* _About this task_
Below are entries; count the lines among them that contain the word "forward", and give only the count.

* _Material for this exercise_
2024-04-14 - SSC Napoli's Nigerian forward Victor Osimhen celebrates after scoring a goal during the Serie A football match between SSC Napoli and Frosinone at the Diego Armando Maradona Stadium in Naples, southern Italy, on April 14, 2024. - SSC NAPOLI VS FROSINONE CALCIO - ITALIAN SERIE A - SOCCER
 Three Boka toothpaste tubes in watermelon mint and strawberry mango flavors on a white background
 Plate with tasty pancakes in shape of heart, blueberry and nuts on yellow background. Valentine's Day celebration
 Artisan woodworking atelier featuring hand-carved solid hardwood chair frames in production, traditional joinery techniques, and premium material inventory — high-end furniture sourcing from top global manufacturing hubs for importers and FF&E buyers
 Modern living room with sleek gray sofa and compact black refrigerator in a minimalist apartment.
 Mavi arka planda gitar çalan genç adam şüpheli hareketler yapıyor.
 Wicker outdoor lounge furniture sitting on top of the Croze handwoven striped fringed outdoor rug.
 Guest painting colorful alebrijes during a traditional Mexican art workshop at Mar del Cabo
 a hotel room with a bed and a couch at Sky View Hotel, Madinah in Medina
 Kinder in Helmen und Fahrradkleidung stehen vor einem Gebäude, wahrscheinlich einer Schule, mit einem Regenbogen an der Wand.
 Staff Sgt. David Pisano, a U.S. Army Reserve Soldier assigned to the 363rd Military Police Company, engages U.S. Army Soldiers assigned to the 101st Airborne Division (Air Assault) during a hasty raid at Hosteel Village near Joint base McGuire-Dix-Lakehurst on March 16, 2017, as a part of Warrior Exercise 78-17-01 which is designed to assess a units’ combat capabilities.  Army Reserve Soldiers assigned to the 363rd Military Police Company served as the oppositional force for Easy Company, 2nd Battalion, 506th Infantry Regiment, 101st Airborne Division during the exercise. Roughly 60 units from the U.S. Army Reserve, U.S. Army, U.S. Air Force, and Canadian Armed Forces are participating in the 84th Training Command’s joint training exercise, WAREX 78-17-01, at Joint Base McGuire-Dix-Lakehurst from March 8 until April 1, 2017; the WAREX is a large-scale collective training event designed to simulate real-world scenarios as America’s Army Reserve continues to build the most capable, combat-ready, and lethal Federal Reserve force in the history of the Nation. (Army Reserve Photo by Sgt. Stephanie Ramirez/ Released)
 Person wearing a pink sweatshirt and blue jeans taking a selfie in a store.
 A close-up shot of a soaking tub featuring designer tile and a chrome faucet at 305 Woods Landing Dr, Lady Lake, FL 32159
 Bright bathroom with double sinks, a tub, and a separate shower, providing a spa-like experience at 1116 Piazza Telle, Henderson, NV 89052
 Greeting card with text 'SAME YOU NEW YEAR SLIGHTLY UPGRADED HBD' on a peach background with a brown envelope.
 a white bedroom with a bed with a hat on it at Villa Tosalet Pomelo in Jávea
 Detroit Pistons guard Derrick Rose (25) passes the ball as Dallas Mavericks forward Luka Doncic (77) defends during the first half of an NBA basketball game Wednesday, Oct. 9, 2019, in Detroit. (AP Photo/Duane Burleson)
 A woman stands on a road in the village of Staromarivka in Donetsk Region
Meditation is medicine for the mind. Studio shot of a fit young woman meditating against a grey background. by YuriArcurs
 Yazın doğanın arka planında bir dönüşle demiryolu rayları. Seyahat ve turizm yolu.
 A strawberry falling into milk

* _Reply_
2